New Study Identifies Potential Target Against Renal Cell Carcinoma

December 2, 2015

Investigators at Rutgers Cancer Institute of New Jersey have just published a new study in the journal Cell Reports, which suggests an entirely new way of identifying and potentially treating patients with kidney tumors.

Investigators at Rutgers Cancer Institute of New Jersey have just published a new study in the journal Cell Reports, which suggests an entirely new way of identifying and potentially treating patients with kidney tumors. By examining the inner workings of a rare benign kidney tumor, they have discovered a novel mechanism that may prevent this type of tumor from becoming malignant.

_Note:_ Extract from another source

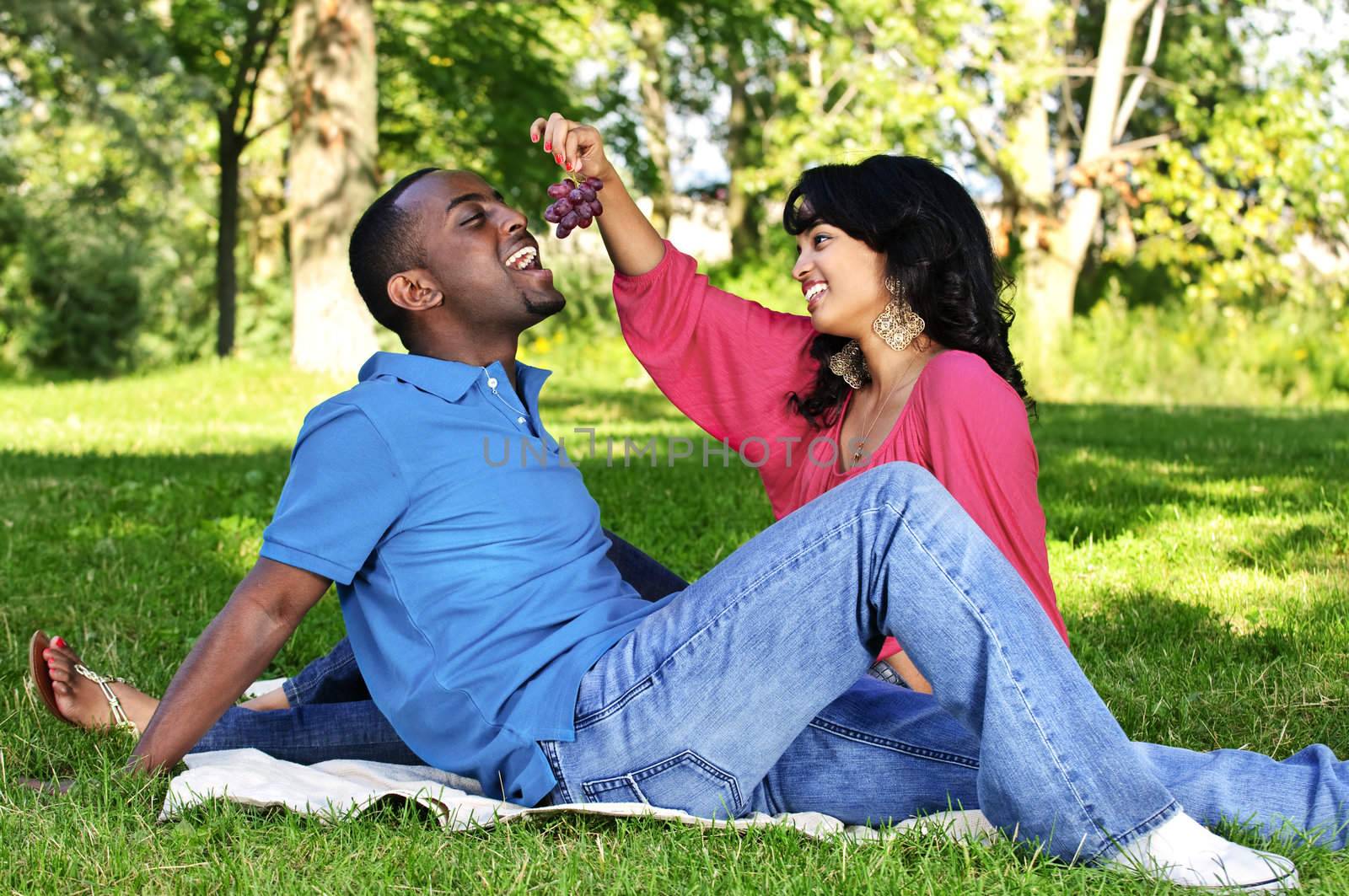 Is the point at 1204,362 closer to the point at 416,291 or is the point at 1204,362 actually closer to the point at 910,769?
the point at 910,769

The findings from this study may be highly significant because they suggest that inhibiting mitochondria with agents such as metformin may demonstrate anticancer activity in many different cancers.

Rutgers Cancer Institute Associate Director for Basic Science Eileen White, PhD, who is a distinguished professor of molecular biology and biochemistry, and colleagues, sequenced 11 benign human renal oncocytoma samples.  Renal oncocytoma is typically not cancerous, but may have the ability to become malignant. The samples were characterized based on chromosome loss, and the researchers designated type-1 as having no chromosome loss and type-2 as having specific chromosome loss.

The researchers report that much of the cancer genome sequencing efforts to date has been aimed at malignant tumors and identifying cancer causing mutations, and their underlying mechanisms. The Rutgers researchers did the opposite. They sought to identify what limits some tumors to benign disease. They found type-2 oncocytomas with chromosome loss may progress to a subtype of malignant kidney cancer called eosinophilic chromophobe renal cell carcinoma (ChRCC). There was no evidence that type -1 oncocytoma may progress to malignant disease. 

“Identifying mechanisms that restrict some tumors such as these to benign disease can inform novel approaches to cancer therapy,” according to the Rutgers press release.

Oncocytomas displayed disruption of key cellular activities including cell waste disposal, and collection and distribution of proteins in the cell. The investigators theorize that the genetic defects in the mitochondria activate a barrier that impairs energy production. The findings point to a whole new tumor-suppressive mechanism in which mitochondrial inhibitors, like the diabetes drug metformin, may have a cancer prevention role. 

Currently, metformin is under investigation for treating certain tumor types. The study also showed a connection between p53, and adenosine monophosphate-activated protein kinase (AMPK), and the mutations with mitochondria.